▶ [Extracted information]
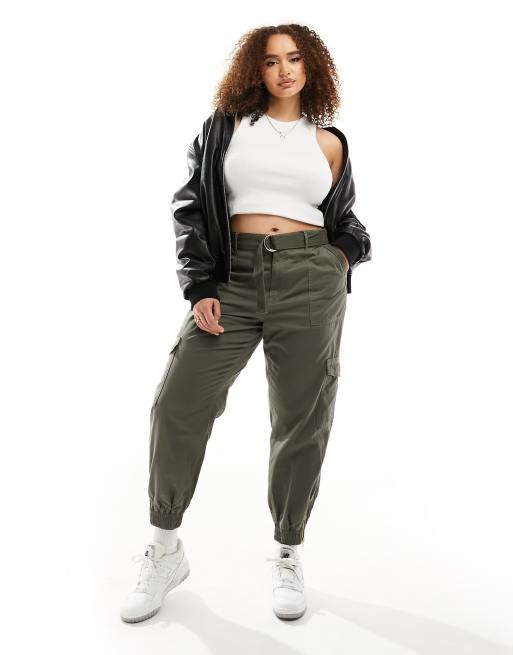 River Island Plus – Utility-Cargohose in Dunkelkhaki mit Bündchen und Gürtel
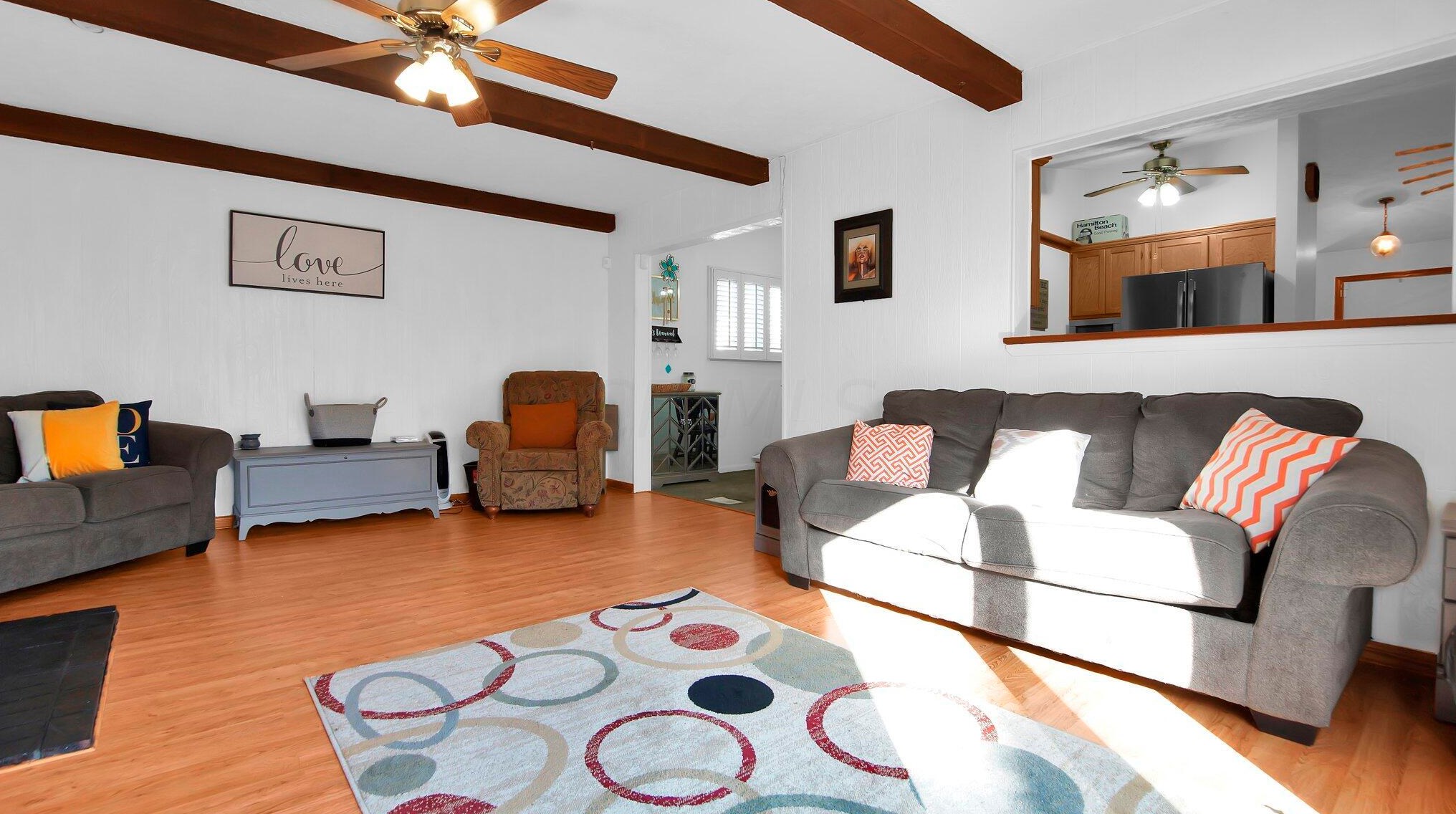 1821 Ferntree Rd, Columbus OH 43219-1621 exterior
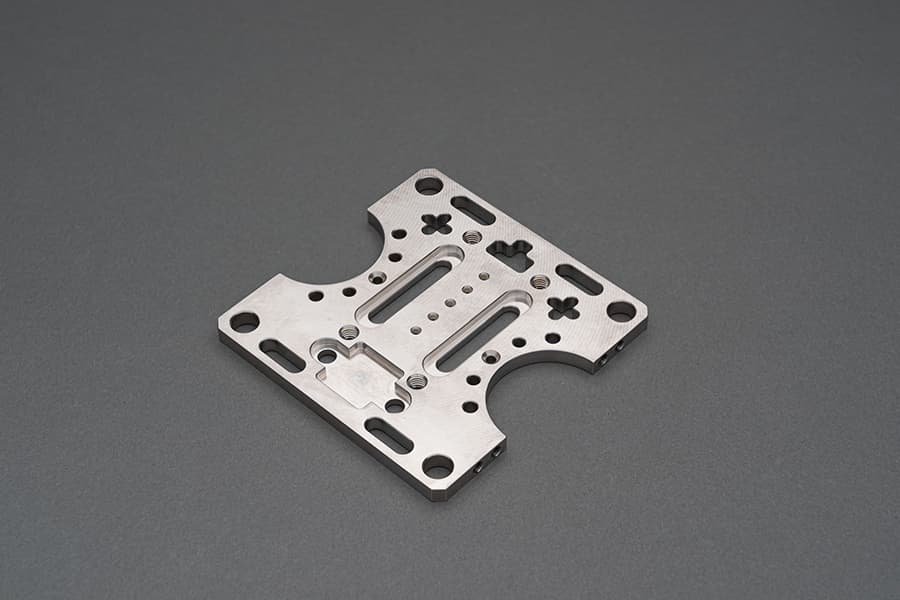 Example of a milled part manufactured with meviy.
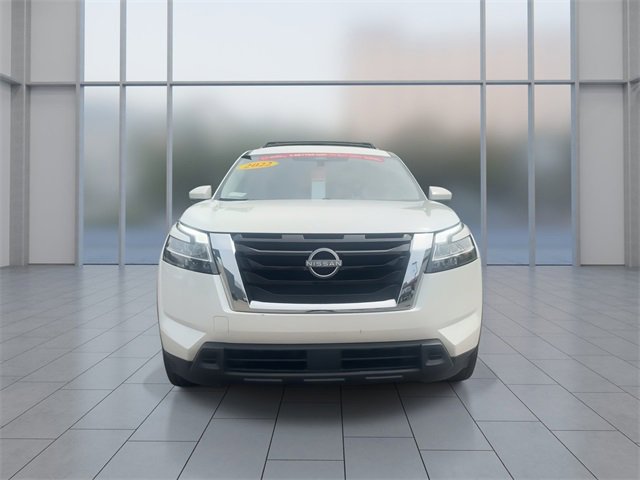 2022 Nissan Pathfinder SV photo 3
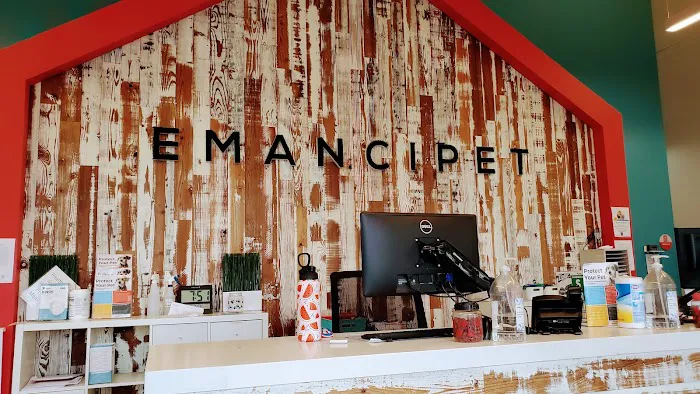 Emancipet Picture 1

▶ [Assignment]
Could you give the material again exactly as it stands, omitting any image?

▶ [Solution to this exercise]
 River Island Plus – Utility-Cargohose in Dunkelkhaki mit Bündchen und Gürtel
 1821 Ferntree Rd, Columbus OH 43219-1621 exterior
 Example of a milled part manufactured with meviy.
 2022 Nissan Pathfinder SV photo 3
 Emancipet Picture 1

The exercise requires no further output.